After some considerable hype, Oasis debuted with Definitely Maybe
, an album that was a fuzzy, loud and brash statement of intent from the band, and was also an immediate success. Their follow up, What's the Story (Morning Glory)
ended up selling 23 million copies because of singles “Some Might Say,” “Wonderwall,” “Morning Glory,” “Don't Look Back in Anger,” and “Champagne Supernova.” Without a doubt, in 1997, Oasis was the biggest band in the UK, and their eventual follow up was to be one of the most anticipated music releases of the decade. Be Here Now
, the band's third album, was released in August 1997. While it was originally praised as being one of the best albums since Sgt. Pepper
, the frenzy eventually faded, and now has the honor of marking the end of the height of Brit-Pop because of its excess and lack of marketable, radio ready singles. Coming in at a bloated 72 minutes, the album reeks of half-baked ideas, rushed recording, and heaps of cocaine.
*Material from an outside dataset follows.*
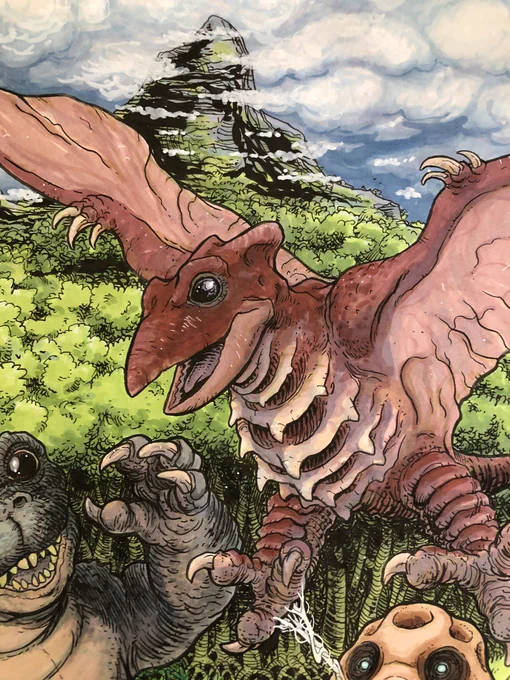 Happy #GodzillaDay !Enjoy this thread of Godzilla related fan art! Starting with probably my greatest commission ever, Monster Island Babies, featuring my take on Shōwa era Minilla, baby Rodan and the Mothra larvae. 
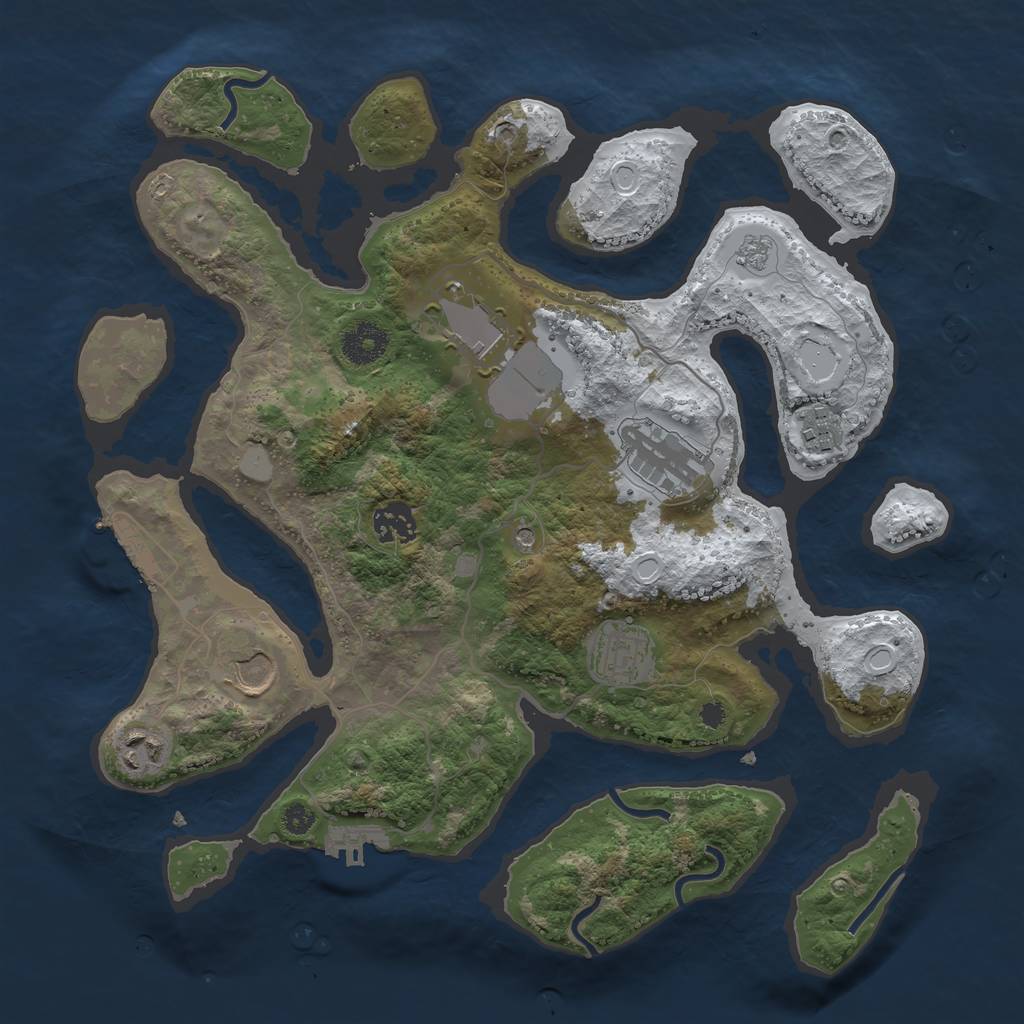 Rust Map: Procedural Map, Size: 3500, Seed: 1145501, 16 Monuments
To give you an idea of how loud and long this album actually is, there's a song that has thirty guitar overdubs, there's a different song that has a running time of 9 minutes and 20 seconds...and then has a two minute reprise, and the shortest song on the album has a running time of 4 minutes and 23 seconds. Did I mention that the album artwork features a car in a swimming pool, in front of a mansion?
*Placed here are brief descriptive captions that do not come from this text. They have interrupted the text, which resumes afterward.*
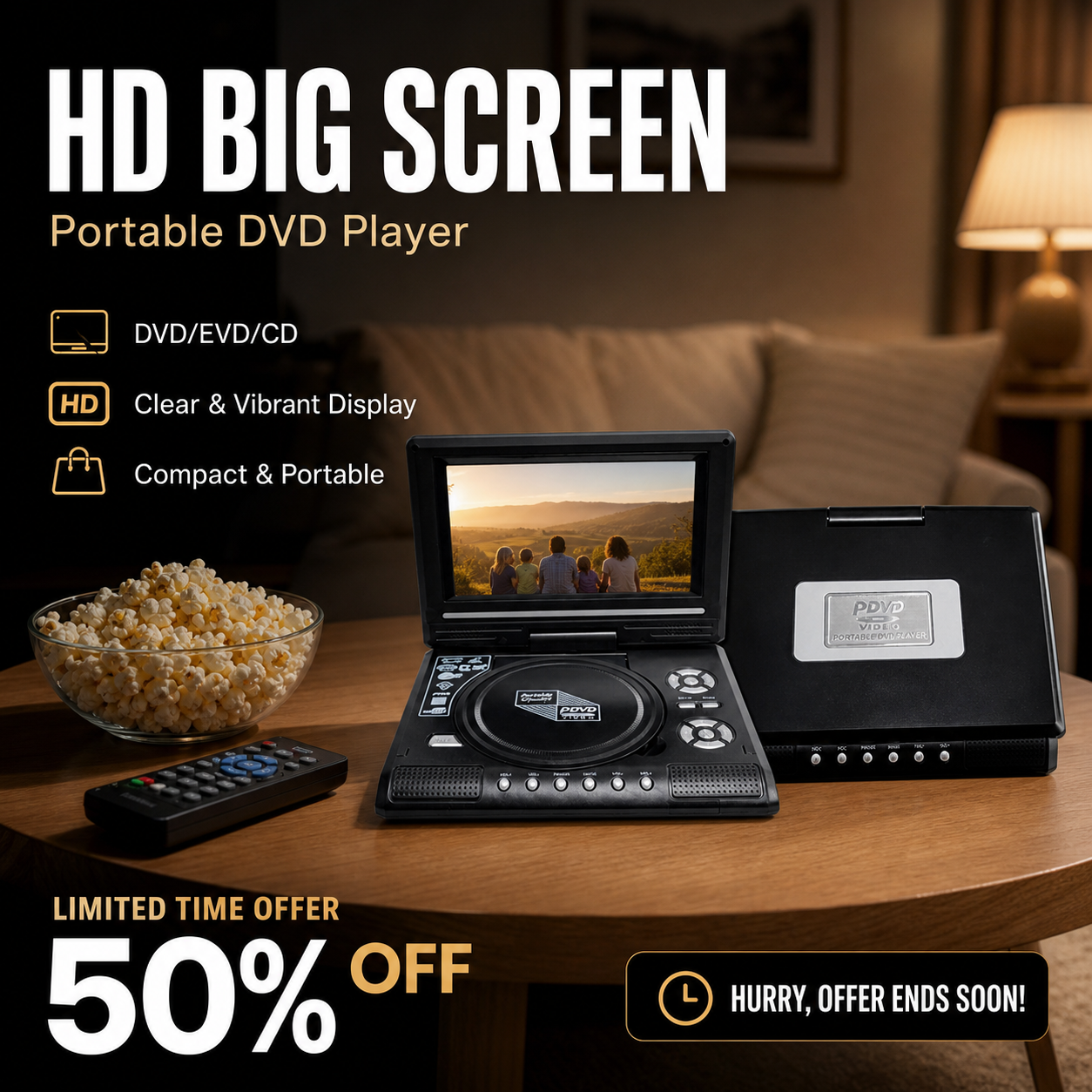 πΊ 7.8" HD Portable DVD/EVD Player β Large Screen, Rechargeable & Compatible with DVD/CD/USB/SD β Perfect for Home & Travel π₯ 50% OFF - Image 5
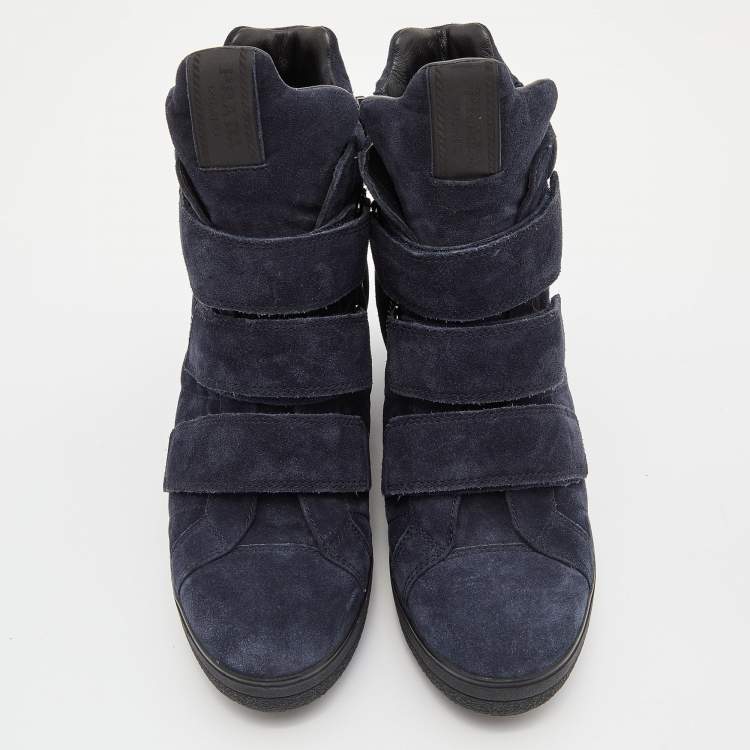 Pre Owned Prada Sport Blue Suede High Top Wedge Sneakers Size 37.5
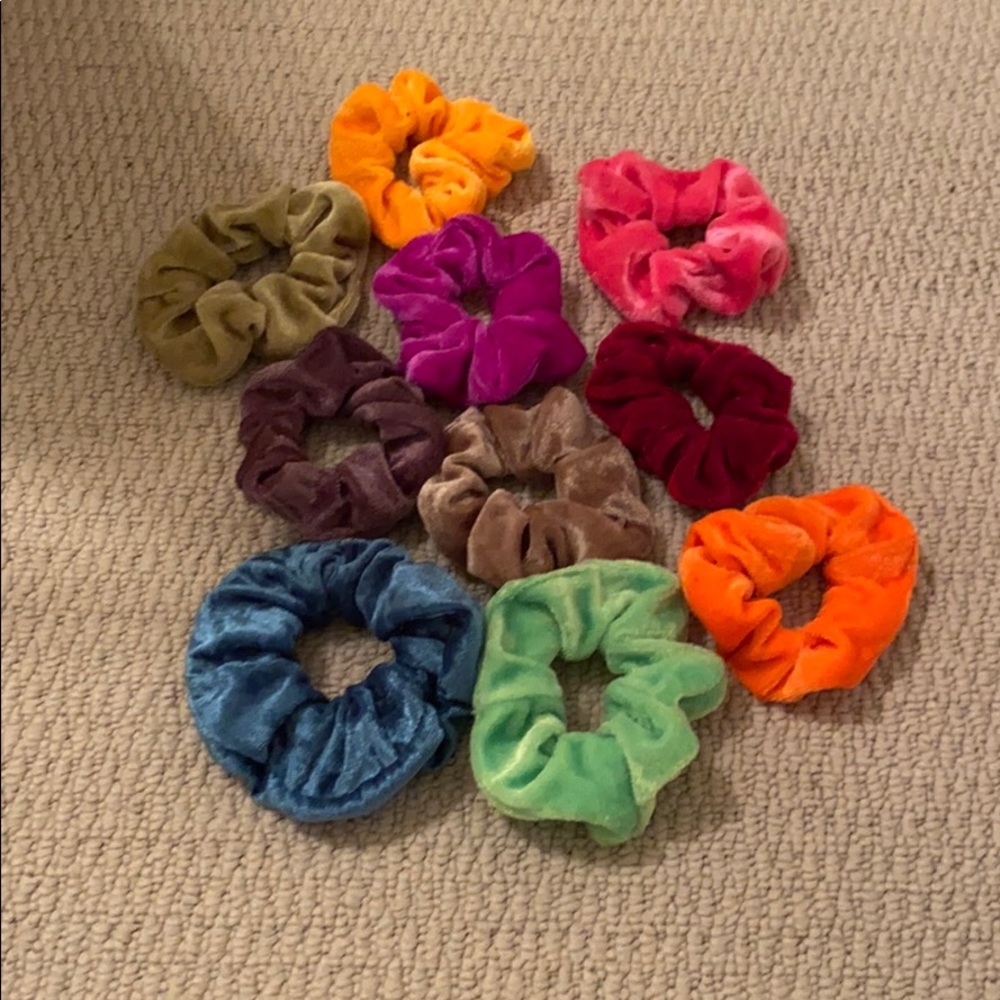 Ten Pack Of Brand New Velvet Scrunchies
As soon as you start the album, you know something has changed since Morning Glory
. First track “D'You Know What I Mean,” (which goes for 7 minutes 42 seconds) starts off with about a minute of static, and beeping noises. The song has a fine chorus, as well as a decent reverb soaked guitar solo, but, like most tracks on this album, it becomes stagnant and overstays its welcome by about two minutes. At its absolute core, the song is solid, but was obviously rushed and simply too busy and loud to make any lasting impressions. “My Big Mouth” follows the same vein; a good idea washed away by too much background noise and distortion. “Magic Pie” nicely slows things down for a little while, but the lack of decent lyrics (“I dig his friends/I dig his shoes” and “Cause you see me/I got my Magic Pie”), and not enough emphasis on making the song plain listenable eventually drags it down as well.
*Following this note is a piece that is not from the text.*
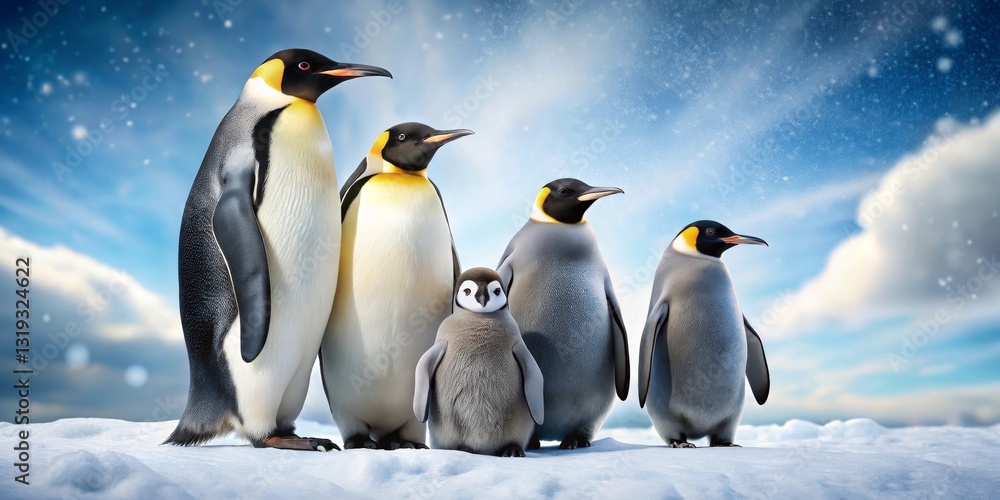 Obraz premium A Majestic Penguin Family Portrait on a Snowy Landscape Under a Serene Winter Sky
The first glimpse of anything actually great on the album is “Stand By Me,” an anthem that features a great pre-chorus lead up, some distortion-free guitars, and is probably the only song on the entire album where you can decipher each individual instrument. However, the album just drags on from there. “The Girl in the Dirty Shirt” is a six minute throw away. “Fade In-Out” starts off terribly, and then degenerates further into a mess of noises, and “Don't Go Away” is a just plain boring ballad that doesn't have the right stuff. “All Around the World” carries a great tune, and has three dramatic key changes, its only downside being that it is another track that could have easily been cut by about three minutes, at which point it may have been comparable to “Champagne Supernova.” It also has a completely unnecessary reprise that adds another two minutes at the end of the album that should have been cut without even a second thought.
Even though it did end up selling quite a few copies, upon listening to Be Here Now
in full, one has to wonder how on Earth this album was released the way it was. At the end of the day, the album should have been cut down by about twenty minutes, and that's being lenient. Where Definitely Maybe
was all about wanting to become a rock star, and Morning Glory
was all about the excess of actually being a rock star, Be Here Now
is the hangover of all that fame. If you're willing to deal with its excessive running time, sonic mud, and barely average lyrics, Be Here Now
offers an interesting look at the end of the Britpop honeymoon, and, at a band, who despite being at the height of their fame, almost lost everything in one single swoop.